The kind of 'high-Psychoticism' creative genius who makes breakthroughs simply does it, or tries to do it, since motivation comes from within - and precisely not as a consequence of incentives such as money and the approval of others.
http://charltonteaching.blogspot.co.uk/2012/06/creativity-and-eysencks-psychoticism.html
He typically cares little for the opinions of others, and works on something which he finds fascinating unless he is actually prevented from doing so.
*
However, the lack of encouragement and recognition of individual genius does open up the possibility, indeed the likelihood, that the importance of creative genius is denied, and that creative genius is actively suppressed in favour of some other model of attainment.
I think this must be what happened to cause the extraordinarily rapid collapse of genius in Britain (similar things happened elsewhere) from the mid-1960s.
No doubt part of this was the 'dysgenic' decline in average and peak intelligence due to the collapse in fertility of the most intelligent people, which had been building-up since around 1800;
http://charltonteaching.blogspot.co.uk/2012/02/convincing-objective-and-direct.html
but the collapse in creative genius in Britain from say 1965-1990 was almost complete, too rapid for a genetic explanation - and almost certainly due to that complex of social explanations revealed in the collapse of Christianity and the absolute domination of society by Leftist and progressive ideas.
Medical Hypotheses: UK scientists down-shift to second rate research
*
The type of men who would have made breakthroughs were actively and more-and-more efficiently excluded from being in a position to do so - by regulations and laws and the media and a hundred other channels.
And since men these amounted to only about a hundredth of a percent of the population - nobody noticed what was going on.

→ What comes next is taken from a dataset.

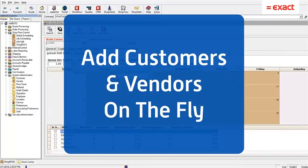Hello everyone, it is Tuesday once again and it is time for another Tech Tip Tuesday video. Today's video is going to be about how you can enter in customers and vendors on the fly.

As Steve Moxon described in The Woman Racket, there are evolutionary biological reasons why humans tend to despise men perceived as 'failures' - so once men have been made failures then nobody cares about them either as individuals or a class, indeed low status men become objects of active dislike and are more likely to be exterminated than assisted.
Nobody knows nor cares what happens to those few hundred very intelligent and highly creative (but awkward and impulsive) men which presumably languish, ineffective, near the bottom of modern society - the same kind of people who (some of them) used to change the world.
http://www.cpsimoes.net/artigos/outsiders.html
*
The significance of this phenomenon of the collapse of creative genius is extraordinary; since it means the end of modernity.
As a society, we (probably) retain sufficient ability to recognize and exploit breakthroughs - but it is a fact that there just aren't enough breakthroughs to keep the system going.
If modernity depends on efficiency outrunning population growth, then modernity has ended - some time ago.
Nothing will be done about this, because it would involve a recognition impossible to the Leftist elite: that everything that materially distinguishes modernity depends on the hundredth of a percent of intelligent, creative, selfish, awkward, semi-crazy men (mostly having their genetic origin in Western and Central Europe).
Indeed, it is probably impossible to organize a society on this basis; and it was almost certainly just luck and neglect that, for a while, passively allowed creative genius to make modernity.